[Pacemaker] Pacemaker failover delays (followup)

Fri Mar 8 23:50:10 CET 2013

Andrew,

Thanks for the feedback to my earlier questions from March 6th.  I've done some further investigation wrt the timing of what I'd call the "simple" failover case:   where an SSID that is master on the DC node is killed, and it takes 10-12 seconds before the slave SSID on the other node transitions to master.  (Recall that "SSID" is a SliceServer app instance, each of which is abstracted as a Pacemaker resource.)

Before going into my findings, I want to clear up a couple of misstatements on my part.

*         WRT my mention of "notifications" in my earlier e-mail, I misused the term.  I was simply referring to the "notify" events passed from the DC to the other node.

*         I also misspoke when I said that the failed SSID was subsequently restarted as a result of a monitor event.  In fact, the SSID process is restarted by the "ss" resource agent script in response  to a "start" event from lrmd.

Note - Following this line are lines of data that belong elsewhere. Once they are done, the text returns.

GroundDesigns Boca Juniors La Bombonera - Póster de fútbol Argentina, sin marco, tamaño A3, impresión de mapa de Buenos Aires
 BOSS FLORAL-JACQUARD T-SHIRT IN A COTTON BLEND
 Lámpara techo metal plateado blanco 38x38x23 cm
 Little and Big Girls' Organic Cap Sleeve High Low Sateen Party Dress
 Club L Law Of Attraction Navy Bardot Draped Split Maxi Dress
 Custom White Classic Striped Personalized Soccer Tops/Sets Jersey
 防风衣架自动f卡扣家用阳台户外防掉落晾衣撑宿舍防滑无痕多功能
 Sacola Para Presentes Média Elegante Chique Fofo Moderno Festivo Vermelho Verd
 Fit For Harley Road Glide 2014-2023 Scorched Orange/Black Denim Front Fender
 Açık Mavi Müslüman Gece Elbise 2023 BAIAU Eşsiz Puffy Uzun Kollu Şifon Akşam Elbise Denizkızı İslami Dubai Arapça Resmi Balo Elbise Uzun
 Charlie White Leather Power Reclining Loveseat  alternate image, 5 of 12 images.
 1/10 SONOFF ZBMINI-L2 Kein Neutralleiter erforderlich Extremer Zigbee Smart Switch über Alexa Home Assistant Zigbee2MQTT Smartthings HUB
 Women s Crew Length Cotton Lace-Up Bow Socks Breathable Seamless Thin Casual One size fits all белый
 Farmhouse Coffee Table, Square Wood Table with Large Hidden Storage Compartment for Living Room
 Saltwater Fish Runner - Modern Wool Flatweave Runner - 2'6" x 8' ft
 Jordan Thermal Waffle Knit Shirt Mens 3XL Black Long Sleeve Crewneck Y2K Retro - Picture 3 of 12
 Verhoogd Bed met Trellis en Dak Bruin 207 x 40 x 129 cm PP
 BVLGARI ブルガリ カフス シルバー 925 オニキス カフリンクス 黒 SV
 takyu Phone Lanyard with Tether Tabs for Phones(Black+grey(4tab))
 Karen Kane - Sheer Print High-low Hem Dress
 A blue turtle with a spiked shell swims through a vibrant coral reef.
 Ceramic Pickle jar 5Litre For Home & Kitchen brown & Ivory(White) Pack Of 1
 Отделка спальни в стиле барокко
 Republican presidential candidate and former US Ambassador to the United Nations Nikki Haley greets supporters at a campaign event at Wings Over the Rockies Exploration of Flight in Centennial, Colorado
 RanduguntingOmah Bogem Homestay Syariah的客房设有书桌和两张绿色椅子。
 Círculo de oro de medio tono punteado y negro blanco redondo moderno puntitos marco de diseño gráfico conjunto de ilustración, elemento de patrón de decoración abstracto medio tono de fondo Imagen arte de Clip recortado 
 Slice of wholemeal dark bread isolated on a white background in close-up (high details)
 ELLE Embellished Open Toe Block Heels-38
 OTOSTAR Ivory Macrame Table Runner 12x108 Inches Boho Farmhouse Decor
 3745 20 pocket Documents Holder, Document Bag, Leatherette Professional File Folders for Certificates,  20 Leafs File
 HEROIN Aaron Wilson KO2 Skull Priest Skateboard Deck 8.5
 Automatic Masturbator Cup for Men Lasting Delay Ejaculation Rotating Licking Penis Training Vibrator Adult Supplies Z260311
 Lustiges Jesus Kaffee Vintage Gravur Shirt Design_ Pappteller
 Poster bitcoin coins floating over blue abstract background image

The key issue, however, is the time required - 10 to 12 seconds - from the time the master SSID is killed until the slave fails over to become master.  You opined that the time required would largely depend upon the behavior of the resource agent, which in our case is a script called "ss".  To determine what effect the ss script's execution would be, I modified it to log the current monotonic system clock value each time it starts, and just before it exits.  The log messages specify the clock value in ms.